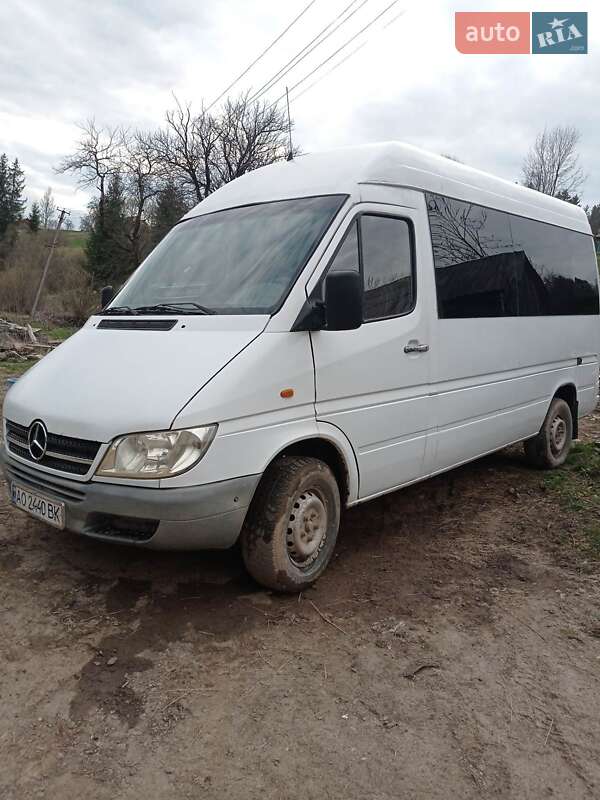 Микроавтобус Mercedes-Benz Sprinter 2000 в Межгорье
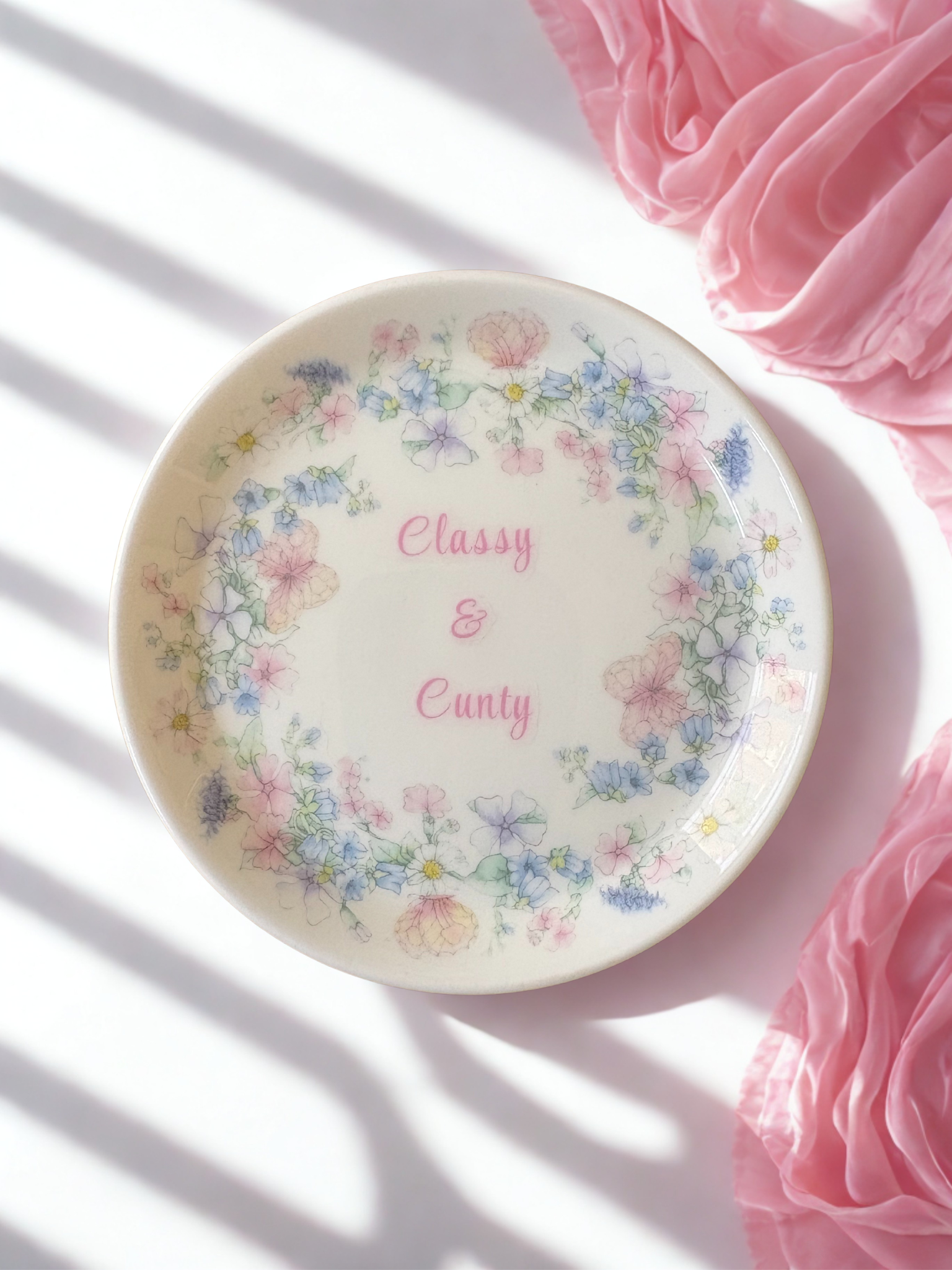 Classy - Trinket Plate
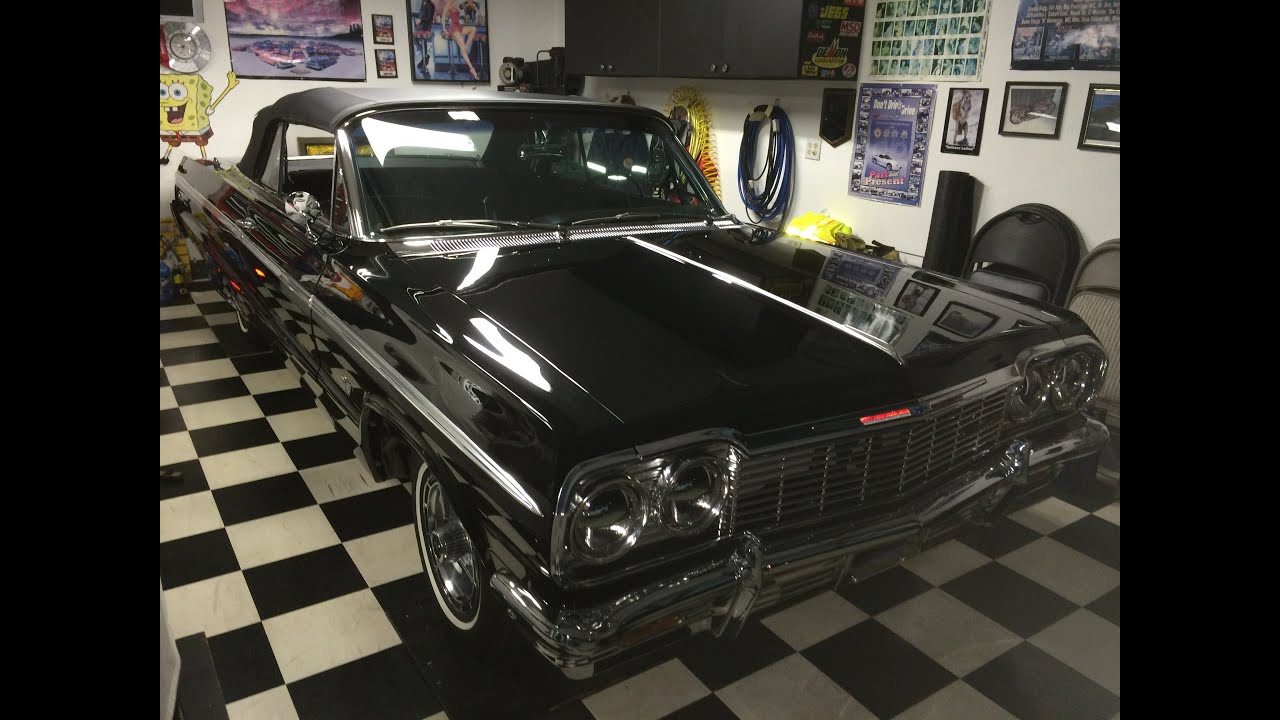 1964 Impala SS walk a round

★ ★ ★ ★ ★ ★ ★

▶ PROBLEM TO SOLVE
Only the lines from the one containing "Classy - Trinket Plate" through the final line of the data are to be written out, exactly as they stand and without pictures.

▶ OUTPUT OF THE TASK
 Classy - Trinket Plate
 1964 Impala SS walk a round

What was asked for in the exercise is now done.